> What to work on: Return the opening lines of the material, word for word. End with the line that contains "Rivista delle comunicazioni".

[Study material]

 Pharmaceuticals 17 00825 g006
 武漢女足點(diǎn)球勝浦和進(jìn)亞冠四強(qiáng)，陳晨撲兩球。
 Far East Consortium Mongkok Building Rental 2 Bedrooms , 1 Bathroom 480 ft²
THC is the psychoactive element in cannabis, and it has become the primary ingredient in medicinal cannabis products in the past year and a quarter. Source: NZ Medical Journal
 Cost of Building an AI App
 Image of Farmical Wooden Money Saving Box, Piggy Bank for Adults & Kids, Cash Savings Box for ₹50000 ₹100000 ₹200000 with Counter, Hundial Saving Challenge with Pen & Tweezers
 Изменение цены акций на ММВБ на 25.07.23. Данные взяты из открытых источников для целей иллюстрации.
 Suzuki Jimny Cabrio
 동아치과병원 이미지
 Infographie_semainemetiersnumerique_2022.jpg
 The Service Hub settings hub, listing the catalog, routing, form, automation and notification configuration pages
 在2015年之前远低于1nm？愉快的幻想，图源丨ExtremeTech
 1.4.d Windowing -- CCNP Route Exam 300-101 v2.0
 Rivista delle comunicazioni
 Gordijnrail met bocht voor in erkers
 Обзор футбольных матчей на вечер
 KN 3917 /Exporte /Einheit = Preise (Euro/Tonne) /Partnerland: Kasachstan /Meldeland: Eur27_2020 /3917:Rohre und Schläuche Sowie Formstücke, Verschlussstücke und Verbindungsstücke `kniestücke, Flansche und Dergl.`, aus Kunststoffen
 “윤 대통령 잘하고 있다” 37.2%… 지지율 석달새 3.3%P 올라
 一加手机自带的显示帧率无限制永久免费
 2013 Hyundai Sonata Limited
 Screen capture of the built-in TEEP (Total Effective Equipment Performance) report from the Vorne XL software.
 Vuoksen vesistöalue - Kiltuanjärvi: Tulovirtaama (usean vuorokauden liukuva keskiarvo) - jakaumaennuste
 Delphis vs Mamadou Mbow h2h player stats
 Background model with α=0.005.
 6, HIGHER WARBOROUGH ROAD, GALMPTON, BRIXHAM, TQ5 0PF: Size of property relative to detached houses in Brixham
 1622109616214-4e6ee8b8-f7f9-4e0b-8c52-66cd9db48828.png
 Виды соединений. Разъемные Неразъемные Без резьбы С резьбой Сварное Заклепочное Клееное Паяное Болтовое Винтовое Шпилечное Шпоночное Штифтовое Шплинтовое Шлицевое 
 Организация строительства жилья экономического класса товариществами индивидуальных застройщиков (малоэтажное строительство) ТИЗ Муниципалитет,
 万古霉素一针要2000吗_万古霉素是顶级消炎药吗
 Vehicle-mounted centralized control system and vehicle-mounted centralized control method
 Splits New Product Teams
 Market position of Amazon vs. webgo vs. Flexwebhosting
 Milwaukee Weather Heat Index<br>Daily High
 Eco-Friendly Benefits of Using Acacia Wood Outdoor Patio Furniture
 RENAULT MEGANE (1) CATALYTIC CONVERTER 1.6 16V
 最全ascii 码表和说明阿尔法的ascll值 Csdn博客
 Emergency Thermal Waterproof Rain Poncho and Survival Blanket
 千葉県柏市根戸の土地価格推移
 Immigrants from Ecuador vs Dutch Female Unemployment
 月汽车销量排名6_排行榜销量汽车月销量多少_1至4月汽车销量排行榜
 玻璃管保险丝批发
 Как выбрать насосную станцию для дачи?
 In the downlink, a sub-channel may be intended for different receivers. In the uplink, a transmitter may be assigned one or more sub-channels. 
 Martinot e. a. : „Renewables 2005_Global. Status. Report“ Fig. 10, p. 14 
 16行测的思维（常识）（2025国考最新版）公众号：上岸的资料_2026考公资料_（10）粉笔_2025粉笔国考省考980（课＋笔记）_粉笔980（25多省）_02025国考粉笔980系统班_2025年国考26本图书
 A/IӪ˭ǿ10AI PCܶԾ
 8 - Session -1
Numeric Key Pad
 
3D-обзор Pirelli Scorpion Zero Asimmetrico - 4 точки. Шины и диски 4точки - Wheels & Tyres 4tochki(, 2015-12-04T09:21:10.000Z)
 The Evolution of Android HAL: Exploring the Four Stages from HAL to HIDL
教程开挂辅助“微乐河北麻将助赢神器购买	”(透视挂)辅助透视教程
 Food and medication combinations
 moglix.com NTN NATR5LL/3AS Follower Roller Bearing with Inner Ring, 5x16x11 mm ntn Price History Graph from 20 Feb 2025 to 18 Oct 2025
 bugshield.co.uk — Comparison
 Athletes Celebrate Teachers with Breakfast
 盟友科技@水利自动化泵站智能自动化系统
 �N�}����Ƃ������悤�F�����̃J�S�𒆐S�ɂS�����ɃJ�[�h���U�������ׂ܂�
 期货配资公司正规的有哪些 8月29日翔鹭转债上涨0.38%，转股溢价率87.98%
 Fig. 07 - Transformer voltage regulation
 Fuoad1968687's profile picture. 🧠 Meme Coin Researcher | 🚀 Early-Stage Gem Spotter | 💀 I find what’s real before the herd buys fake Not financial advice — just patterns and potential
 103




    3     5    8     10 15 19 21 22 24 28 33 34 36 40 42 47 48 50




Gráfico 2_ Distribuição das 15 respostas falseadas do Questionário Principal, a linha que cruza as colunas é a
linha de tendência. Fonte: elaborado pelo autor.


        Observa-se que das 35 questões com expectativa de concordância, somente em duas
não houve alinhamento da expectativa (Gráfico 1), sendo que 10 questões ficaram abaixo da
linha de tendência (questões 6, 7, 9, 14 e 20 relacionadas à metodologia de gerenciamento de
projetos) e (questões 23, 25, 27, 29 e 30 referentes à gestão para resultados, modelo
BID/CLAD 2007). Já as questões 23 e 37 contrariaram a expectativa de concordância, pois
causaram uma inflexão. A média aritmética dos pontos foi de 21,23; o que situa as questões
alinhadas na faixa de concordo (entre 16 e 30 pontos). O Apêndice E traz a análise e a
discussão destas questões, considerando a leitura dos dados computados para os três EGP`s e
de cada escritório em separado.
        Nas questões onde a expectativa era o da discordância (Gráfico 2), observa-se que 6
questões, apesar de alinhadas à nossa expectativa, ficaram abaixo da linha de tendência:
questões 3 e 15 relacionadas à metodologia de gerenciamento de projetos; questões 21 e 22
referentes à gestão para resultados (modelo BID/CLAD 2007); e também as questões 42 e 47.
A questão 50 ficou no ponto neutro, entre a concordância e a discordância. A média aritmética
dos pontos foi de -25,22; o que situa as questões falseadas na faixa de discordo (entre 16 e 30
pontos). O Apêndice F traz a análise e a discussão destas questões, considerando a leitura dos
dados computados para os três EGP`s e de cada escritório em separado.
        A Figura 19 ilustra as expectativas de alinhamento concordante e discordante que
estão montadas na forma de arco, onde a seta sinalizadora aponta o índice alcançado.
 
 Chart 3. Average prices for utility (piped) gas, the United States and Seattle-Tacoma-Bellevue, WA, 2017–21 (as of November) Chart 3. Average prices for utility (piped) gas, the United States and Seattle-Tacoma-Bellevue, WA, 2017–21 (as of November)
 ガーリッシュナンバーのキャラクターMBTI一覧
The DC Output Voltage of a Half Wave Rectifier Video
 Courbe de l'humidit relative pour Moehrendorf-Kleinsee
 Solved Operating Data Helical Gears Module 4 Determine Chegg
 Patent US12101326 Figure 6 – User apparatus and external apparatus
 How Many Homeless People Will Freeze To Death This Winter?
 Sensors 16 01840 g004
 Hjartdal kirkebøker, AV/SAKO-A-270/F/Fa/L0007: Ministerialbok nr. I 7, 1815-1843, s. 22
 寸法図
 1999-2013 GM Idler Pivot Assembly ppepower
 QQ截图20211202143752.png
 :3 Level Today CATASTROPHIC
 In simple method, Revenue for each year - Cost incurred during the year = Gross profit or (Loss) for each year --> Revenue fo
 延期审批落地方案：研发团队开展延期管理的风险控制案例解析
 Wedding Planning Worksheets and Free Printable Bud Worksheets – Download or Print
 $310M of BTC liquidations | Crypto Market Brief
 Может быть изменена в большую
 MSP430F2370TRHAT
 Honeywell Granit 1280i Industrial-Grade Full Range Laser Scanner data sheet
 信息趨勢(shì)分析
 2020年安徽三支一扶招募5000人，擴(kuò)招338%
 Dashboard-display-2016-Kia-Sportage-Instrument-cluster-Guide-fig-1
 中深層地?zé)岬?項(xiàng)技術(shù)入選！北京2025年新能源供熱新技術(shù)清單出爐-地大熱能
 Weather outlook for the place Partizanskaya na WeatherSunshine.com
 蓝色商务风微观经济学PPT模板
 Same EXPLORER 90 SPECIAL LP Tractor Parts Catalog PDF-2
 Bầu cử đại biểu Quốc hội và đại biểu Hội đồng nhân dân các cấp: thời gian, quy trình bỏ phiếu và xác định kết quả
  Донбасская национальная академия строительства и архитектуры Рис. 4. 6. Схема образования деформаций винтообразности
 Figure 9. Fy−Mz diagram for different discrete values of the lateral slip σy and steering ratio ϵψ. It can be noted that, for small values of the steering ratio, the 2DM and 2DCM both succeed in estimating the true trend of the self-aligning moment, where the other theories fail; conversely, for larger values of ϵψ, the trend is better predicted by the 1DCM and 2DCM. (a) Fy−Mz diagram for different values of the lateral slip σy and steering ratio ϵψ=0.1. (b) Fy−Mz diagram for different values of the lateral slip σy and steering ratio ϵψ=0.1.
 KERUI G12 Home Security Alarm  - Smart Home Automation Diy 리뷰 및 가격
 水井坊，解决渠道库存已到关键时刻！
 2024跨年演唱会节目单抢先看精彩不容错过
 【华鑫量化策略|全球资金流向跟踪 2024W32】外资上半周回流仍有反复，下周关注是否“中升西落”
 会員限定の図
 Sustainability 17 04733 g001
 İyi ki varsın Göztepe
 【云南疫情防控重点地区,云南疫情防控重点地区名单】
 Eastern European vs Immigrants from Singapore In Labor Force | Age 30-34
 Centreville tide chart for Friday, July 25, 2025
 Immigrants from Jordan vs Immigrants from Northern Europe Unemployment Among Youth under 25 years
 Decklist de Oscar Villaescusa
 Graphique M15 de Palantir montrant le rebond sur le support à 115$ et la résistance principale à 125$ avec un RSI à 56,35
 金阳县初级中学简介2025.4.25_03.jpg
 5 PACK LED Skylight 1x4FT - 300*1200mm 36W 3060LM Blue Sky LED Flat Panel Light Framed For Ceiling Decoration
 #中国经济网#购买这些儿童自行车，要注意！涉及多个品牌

[/Study material]

> Reply to the task:
 Pharmaceuticals 17 00825 g006
 武漢女足點(diǎn)球勝浦和進(jìn)亞冠四強(qiáng)，陳晨撲兩球。
 Far East Consortium Mongkok Building Rental 2 Bedrooms , 1 Bathroom 480 ft²
THC is the psychoactive element in cannabis, and it has become the primary ingredient in medicinal cannabis products in the past year and a quarter. Source: NZ Medical Journal
 Cost of Building an AI App
 Image of Farmical Wooden Money Saving Box, Piggy Bank for Adults & Kids, Cash Savings Box for ₹50000 ₹100000 ₹200000 with Counter, Hundial Saving Challenge with Pen & Tweezers
 Изменение цены акций на ММВБ на 25.07.23. Данные взяты из открытых источников для целей иллюстрации.
 Suzuki Jimny Cabrio
 동아치과병원 이미지
 Infographie_semainemetiersnumerique_2022.jpg
 The Service Hub settings hub, listing the catalog, routing, form, automation and notification configuration pages
 在2015年之前远低于1nm？愉快的幻想，图源丨ExtremeTech
 1.4.d Windowing -- CCNP Route Exam 300-101 v2.0
 Rivista delle comunicazioni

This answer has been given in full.